American Indian tribes alarmed by IRS tax audits
Topics: From the Wires, Politics News
WASHINGTON (AP) — John Yellowbird Steele, chief of the Ogalala Sioux Tribe, said the Internal Revenue Service is failing to recognize tribal sovereignty by trying to tax government-funded assistance such as housing, school clothes and burial aid that tribes give their members.
Speaking to a Senate panel Thursday, Steele invoked the treaties between the U.S. and his South Dakota tribe as he criticized the IRS for what seems to be a stepped-up effort to tax tribal assistance.
“We fix houses, and they want us to put a value on how much that lumber cost to patch a hole in a roof or a floor, put shingling on, they want us to put a value on that and give the person a 1099″ tax form to possibly be taxed on the help, Steele said. “The next year, where are those people going to find the money to pay the IRS?”
The IRS over the years has narrowed its tax exemptions for federally, state and locally funded social benefits for tribe members so that only those with significant financial need do not have to pay taxes on the benefits, tribal leaders said.
The agency has been meeting with tribes to develop and clarify rules on what is taxable under the General Welfare Doctrine, which governs whether the assistance tribal members receive should be counted as income and be taxed. But as the meetings have gone on, tribes are getting notices that they are being audited, Steele said.
Steele said the tribal assistance helps members raise their living standard and in some cases survive. He accused the IRS of launching a fishing expedition, saying his tribe has been asked to provide documentation on payments to employees, council and tribal members; petty cash and bank records; health care benefits to tribal members and employees, and Pow Wow prizes, among other things.

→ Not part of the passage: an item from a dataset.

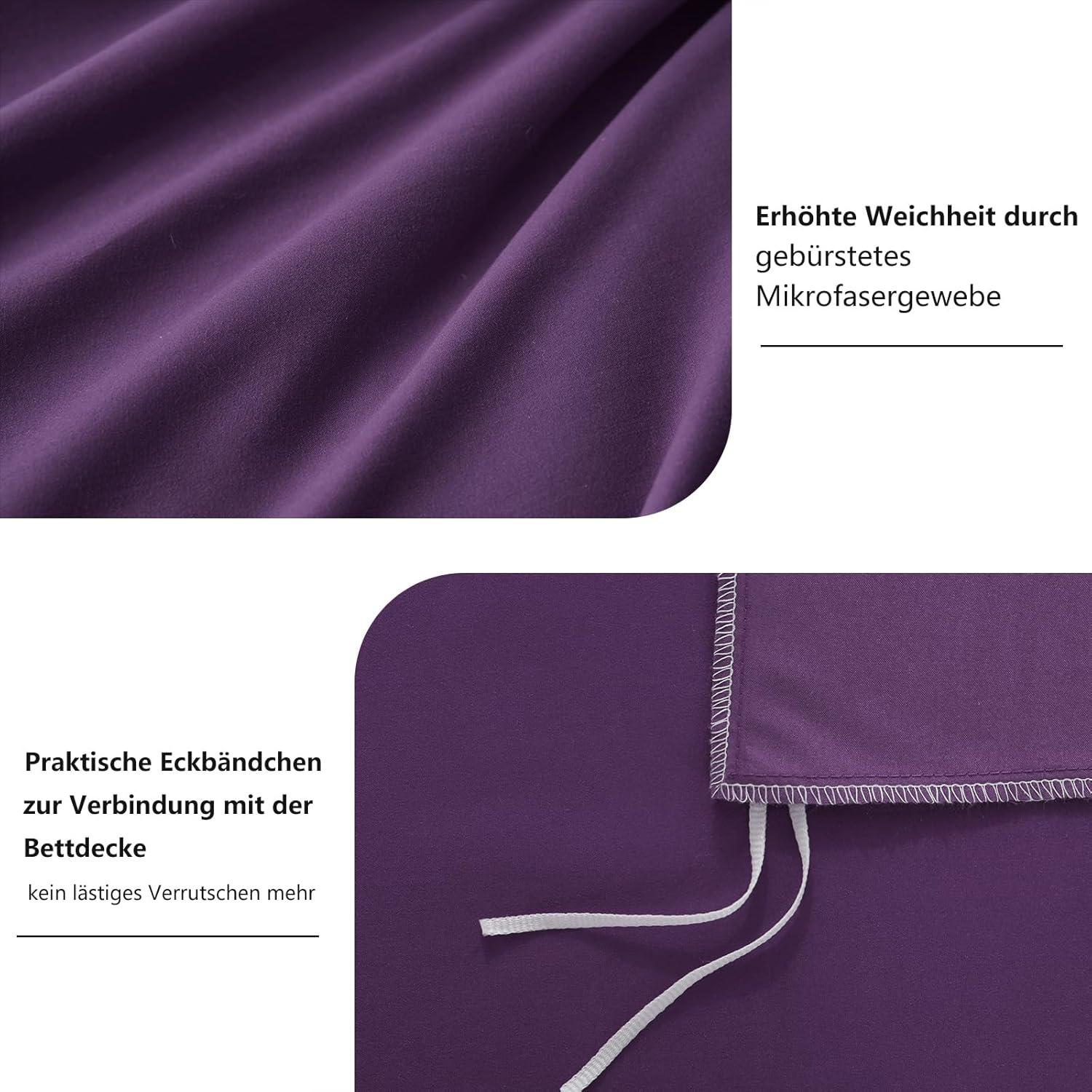 Bettwäsche 200x220 Lila Set - 3-teilig Mikrofaser Reißverschluss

“The IRS violates our treaties when it seeks to tax the basic government services that our tribal government provides our citizens,” Steele said in written testimony.
Sen. Daniel Akaka, D-Hawaii, who chairs the committee, said providing for tribal members is “truly critical to the self-determination of tribal governments.”
The IRS has been reviewing per capita payments that tribes make to members from trust money raised through tribal businesses.
Athena Sanchey Yallup, executive secretary of the Confederated Tribes and Bands of the Yakima Nation in Washington State, said the IRS has been seeking to tax her nation’s distribution of earnings from the timber on its land to each of its 10,400 tribal members for the first time in its history. The IRS’ taxation of the trust payments is a “radical change in policy,” she said.